Seusai sidang, Andi mengatakan bahwa putusan hakim tidak adil, menuduh hakim tidak memperhatikan fakta persidangan. Namun ia tidak mempermasalahkan pencabutan hak politiknya.

"Saya tidak mengurus politik. Masalah politik bagi saya sudahlah hidup bukan politik. Masih banyak jalan untuk hidup jadi tidak masalah," kata Andi.

Dalam perkara ini sudah enam orang yang dijatuhi hukuman, antara lain anggota Komisi V dari fraksi PDI-P Damayanti Wisnu Putrani yang divonis 4,5 tahun penjara ditambah denda Rp500 juta subsider tiga bulan kurungan, dan dua rekannya, Dessy Ariyati Edwin dan Julia Prasetyarini alias Uwi yang divonis masing-masing empat tahun penjara dan denda Rp200 juta subsider dua bulan kurungan.
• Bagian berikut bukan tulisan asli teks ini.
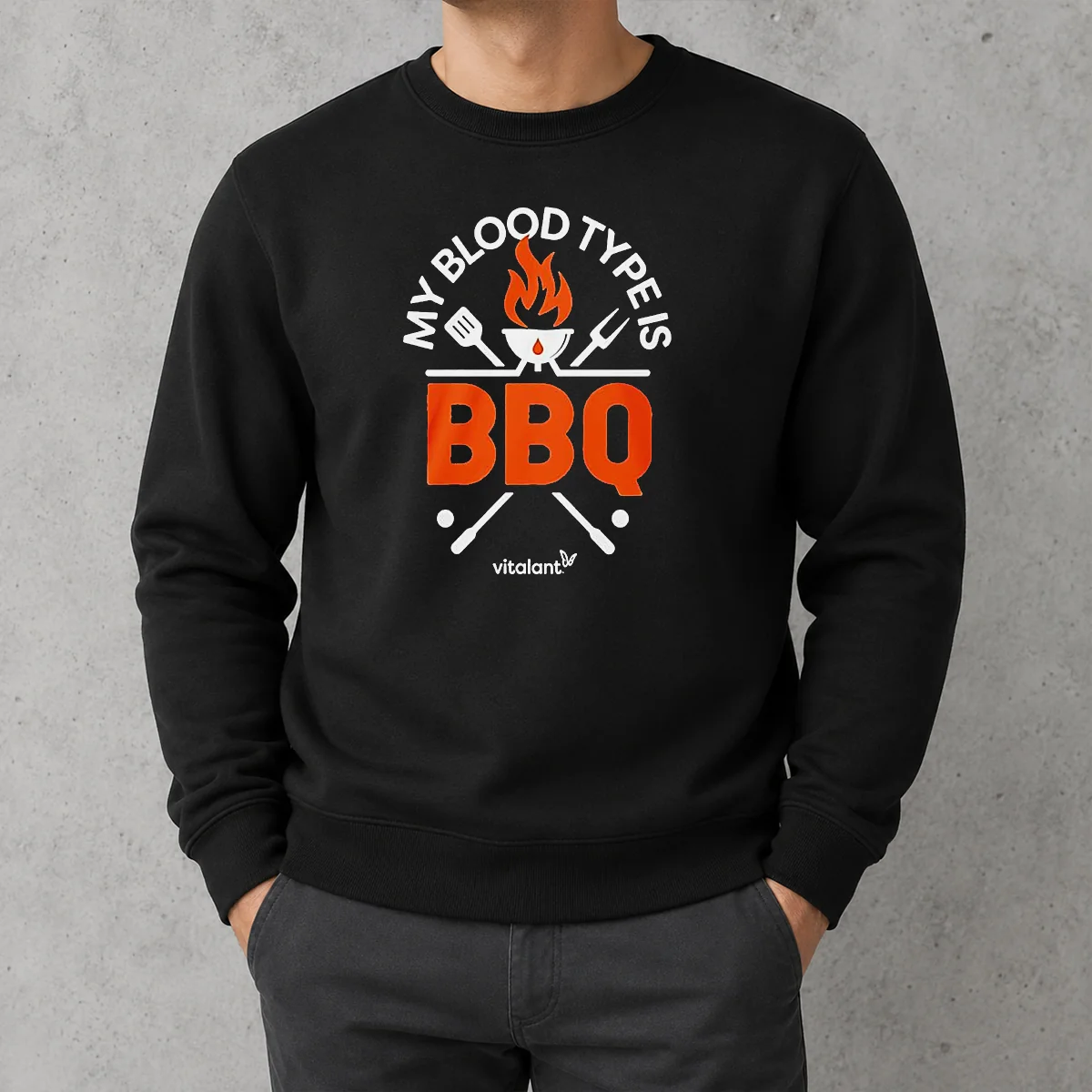 Nice My Blood Type Is BBQ Sweater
Selain mereka ada anggota Komisi V dari Golkar Budi Supriyanto yang divonis lima tahun penjara ditambah denda Rp300 juta subsider dua bulan kurungan, Kepala Balai Pelaksana Jalan Nasional (BPJN) IX Maluku dan Maluku Utara Amran Hi Mustary divonis enam tahun penjara dan Abdul Khoir divonis empat tahun penjara ditambah denda Rp200 juta subsider lima bulan kurungan.

Tiga orang lagi masih berstatus tersangka, yaitu Wakil Ketua Komisi V dari fraksi PKS Yudi Widiana Adia, anggota Komisi V dari fraksi PKB Musa Zainuddin dan pemilik PT Cahaya Mas Maluku So Kok Seng alias Aseng.